For 2000 and 2001 CPB expects employment in terms of labour years to expand by 2.5% and 2.25% respectively. The growth in terms of jobs will come out slightly lower in both years, because part-time workers will probably work longer hours. The increase in employment will translate into a further fall in unemployment from 4% of the labour force in 1999 to 3% in 2001. Overall, the labour market will tighten further.
Consumption and inflation
The forecasted growth of private consumption of 4.25% in 2000 is considerably higher than might be expected based on the development of the real household disposable income. This forecast is completely in line with the development in the past four years, when household consumption expenditure increased by 3.7% on average. This was on average 1.4% higher than the growth of the disposable income.
This can be explained by the substantial capital gains on stocks and houses which Dutch households have enjoyed. The wealth effect is expected to wane this year and next year. Yet, together with the anticipation effect of the VAT increase on 1 January 2001, it is strong enough to project an increase in consumption by 4.25% in 2000. For the year 2001 CPB expects a continuation of the consumption growth rate of 4.25%, thanks to the major tax reform in 2001 (increase in VAT; considerable cut in personal income tax rates; on balance a fall in the tax burden on households). Because of the tax reform, the growth of net household income is forecasted to accelerate from 2.75% this year to 4.5% next year. This means that net household income growth will once again be higher than consumption growth, after four years the other way round.
The rate of inflation is expected to rise to 2.5% this year, mainly as a consequence of the surge in import prices since early last year. Next year CPI is expected to increase by 3.5%, primarily because of the increase in indirect taxes under the tax reform, which raises inflation temporarily.

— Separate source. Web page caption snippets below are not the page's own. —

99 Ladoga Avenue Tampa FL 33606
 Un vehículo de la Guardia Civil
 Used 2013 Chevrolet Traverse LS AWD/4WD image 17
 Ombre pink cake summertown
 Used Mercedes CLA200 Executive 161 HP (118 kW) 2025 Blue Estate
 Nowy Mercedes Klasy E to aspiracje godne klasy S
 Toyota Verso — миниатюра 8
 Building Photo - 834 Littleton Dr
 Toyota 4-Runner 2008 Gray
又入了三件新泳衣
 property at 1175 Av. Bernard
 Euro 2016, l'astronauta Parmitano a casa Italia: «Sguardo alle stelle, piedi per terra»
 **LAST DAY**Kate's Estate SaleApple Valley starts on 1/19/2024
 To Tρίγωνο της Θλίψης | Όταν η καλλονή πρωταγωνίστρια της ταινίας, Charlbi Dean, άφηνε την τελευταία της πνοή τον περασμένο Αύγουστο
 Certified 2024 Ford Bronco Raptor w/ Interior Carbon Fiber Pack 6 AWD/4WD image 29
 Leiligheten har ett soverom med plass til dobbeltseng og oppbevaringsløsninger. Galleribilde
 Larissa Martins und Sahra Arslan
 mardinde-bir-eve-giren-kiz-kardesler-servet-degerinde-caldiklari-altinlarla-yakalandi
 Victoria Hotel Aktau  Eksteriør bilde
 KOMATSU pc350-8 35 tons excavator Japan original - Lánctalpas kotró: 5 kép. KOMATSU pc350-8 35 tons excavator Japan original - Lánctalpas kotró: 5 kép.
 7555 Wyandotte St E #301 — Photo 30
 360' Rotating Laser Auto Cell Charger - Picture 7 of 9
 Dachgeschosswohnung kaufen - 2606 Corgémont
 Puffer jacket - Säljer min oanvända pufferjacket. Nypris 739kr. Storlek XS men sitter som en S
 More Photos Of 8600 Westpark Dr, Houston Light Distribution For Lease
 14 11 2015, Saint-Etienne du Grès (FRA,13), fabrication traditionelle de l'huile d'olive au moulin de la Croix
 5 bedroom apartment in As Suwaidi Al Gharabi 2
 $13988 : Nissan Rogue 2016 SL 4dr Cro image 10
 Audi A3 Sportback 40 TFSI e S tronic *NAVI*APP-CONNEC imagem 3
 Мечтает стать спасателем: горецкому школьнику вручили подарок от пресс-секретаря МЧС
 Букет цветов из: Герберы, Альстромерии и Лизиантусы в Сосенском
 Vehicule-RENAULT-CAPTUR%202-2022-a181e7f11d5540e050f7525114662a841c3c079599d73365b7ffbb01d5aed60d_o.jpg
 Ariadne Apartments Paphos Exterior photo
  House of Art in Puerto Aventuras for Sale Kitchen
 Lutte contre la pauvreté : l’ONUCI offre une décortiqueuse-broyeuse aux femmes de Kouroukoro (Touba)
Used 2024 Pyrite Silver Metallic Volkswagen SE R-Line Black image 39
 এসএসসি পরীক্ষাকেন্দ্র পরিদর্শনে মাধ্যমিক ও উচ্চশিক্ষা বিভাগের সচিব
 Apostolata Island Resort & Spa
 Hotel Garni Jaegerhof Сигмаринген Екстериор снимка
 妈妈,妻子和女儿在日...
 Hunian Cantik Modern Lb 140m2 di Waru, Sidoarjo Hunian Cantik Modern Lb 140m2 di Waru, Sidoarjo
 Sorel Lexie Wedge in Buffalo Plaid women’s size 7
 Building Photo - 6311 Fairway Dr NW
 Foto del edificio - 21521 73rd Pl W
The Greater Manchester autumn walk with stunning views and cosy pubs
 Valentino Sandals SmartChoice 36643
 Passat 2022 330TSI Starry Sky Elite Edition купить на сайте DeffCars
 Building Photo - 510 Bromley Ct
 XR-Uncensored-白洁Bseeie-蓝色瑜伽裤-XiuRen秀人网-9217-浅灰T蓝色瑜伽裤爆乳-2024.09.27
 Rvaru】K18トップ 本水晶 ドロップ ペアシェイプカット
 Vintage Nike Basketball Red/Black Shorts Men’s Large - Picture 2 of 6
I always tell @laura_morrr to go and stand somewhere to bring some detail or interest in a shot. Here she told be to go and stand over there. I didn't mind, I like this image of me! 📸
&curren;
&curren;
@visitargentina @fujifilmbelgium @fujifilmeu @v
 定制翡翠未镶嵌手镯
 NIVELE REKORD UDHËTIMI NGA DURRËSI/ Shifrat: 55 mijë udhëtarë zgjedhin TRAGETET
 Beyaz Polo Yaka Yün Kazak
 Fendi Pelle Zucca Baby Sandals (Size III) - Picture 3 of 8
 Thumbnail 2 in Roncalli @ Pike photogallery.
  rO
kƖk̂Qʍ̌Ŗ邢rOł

The condition of the world economy is improving. CPB forecast for the growth in world output for both 2000 and 2001 is almost 4.5%. The world trade surge is expected to result in an average increase in 2000 of 11.5% and 10% in 2001.
GDP growth in Japan is picking up this year after being negative in 1999. The recovery in other Asian countries supports this positive development in Japan.
In reaction to the tightening of monetary policy and the waning of wealth effects related to stock market conditions, GDP growth in the US is expected to slow down from almost 5% in 2000 to 3.25% in 2001.
Economic growth in the euro zone is now expected to accelerate to 3.75% this year and almost 3.5% next year. Activity has greatly benefited from the export boost caused by the strong world demand and the high dollar exchange rate. So far, the euro zone had not yet experienced the same boom in ICT-related investments that has played such an important role in the United States over the past couple of years. Unemployment in the euro zone is declining by 0.75% of the labour force each year, and this trend is expected to continue for some time.
What else in CPB Report 2000/2?
This summarises the current view of CPB Netherlands Bureau for Economic Policy Analysis on the economic outlook for 2000 and 2001, as stated in CPB Report 2000/2. In addition to these forecasts, CPB Report (CPB's quarterly magazine, written in English) highlights completed and current research at the Bureau. This issue contains among other subjects articles on the market for scientific journals; the importance of ICT for growth; fiscal treatment of individual retirement provisions; Kyoto and the timing of abatement activities; and the valuation of risk in public projects.
Scientific journals: solutions for the journal crisis
The ever-rising prices for journals and limited library budgets cause a reduced access to scientific knowledge. CPB Report argues that the current set-up of the market causes this journal crisis. Publishers who obtain copyrights on high-quality papers are able to charge monopoly prices, since papers are not interchangeable. New information and communication technologies present an opportunity for reform of this market set-up. One possible way to tackle the journal crisis is to make copyrights ineffective, and to let authors pay the publishers with money instead of copyrights. A competitive system of scientific publishing and free access to scientific papers would result.
ICT important for Dutch economic growth
Information and communication technology (ICT) has become increasingly important for economic development in the Netherlands since 1995. The ICT sector currently accounts for nearly a quarter of economic growth. The modest acceleration in labour productivity growth at macro level during the second half of the 1990s is also due to the ICT sector. Yet, thus far the Netherlands has not been able to follow the productivity spurt evident in the United States. Especially since outside the ICT sector productivity growth is still limping, despite ICT applications in the production process and the possible positive spill-over effects of ICT.